No matter what charges Willis brings, Topalli thinks that Trump’s case in his state could be the hardest one he faces. He said, “Georgia is the most dangerous case for Trump because of the other cases already going on.” He brought up the Stormy Daniels hush money case in New York and the two cases brought by the Department of Justice, one about fake voters and the other about classified documents. “Every trial that has happened or is happening gives evidence, data, and a plan for the next one,” Topalli said. “So Fani Willis is doing well here.”

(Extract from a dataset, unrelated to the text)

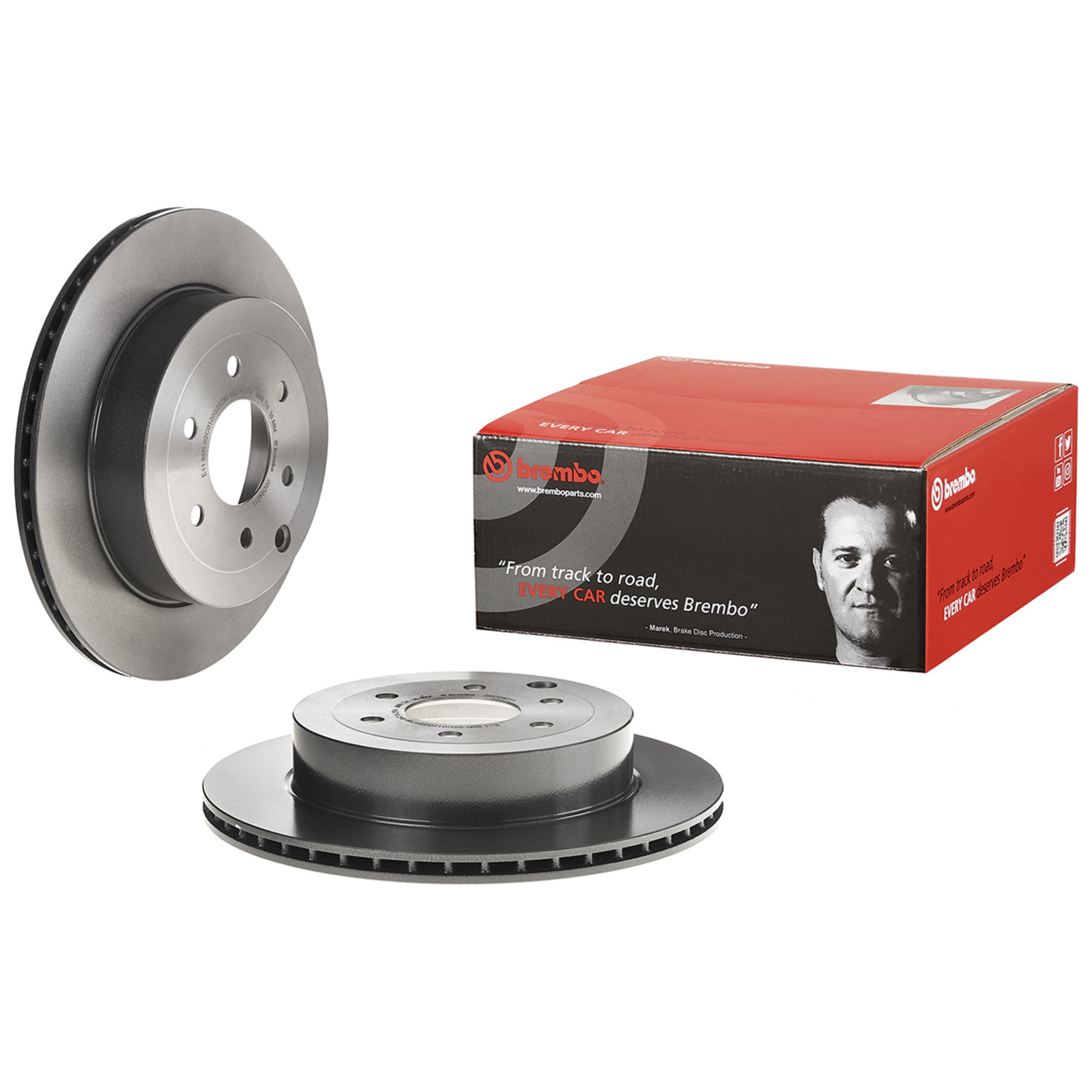 2x BREMBO Bremsscheibe PRIME LINE - UV Coated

Eisen, who co-wrote an analysis of the “reported facts and applicable law” in the Fulton County investigation, also thinks Willis has a strong hand. But he warned against thinking too little of the defense. He said that if Willis charges Trump with racketeering related to the election, Findling and his defense team will likely take at least three different paths. Findling could say that Trump has immunity because he was looking into election fraud claims as part of his job as President. He could say that Trump’s ideas came from his relying on, or too much on, the advice of his lawyers. He could also say that Trump thought he had won the election.

Eisen doesn’t agree with any of these explanations. Still, he said, “Having tried a case against Trump myself, I know there’s no such thing as a sure thing when you’re suing a current or former President, especially one named Trump. No matter what else you say about him, he is a fighter, and he will fight hard and often.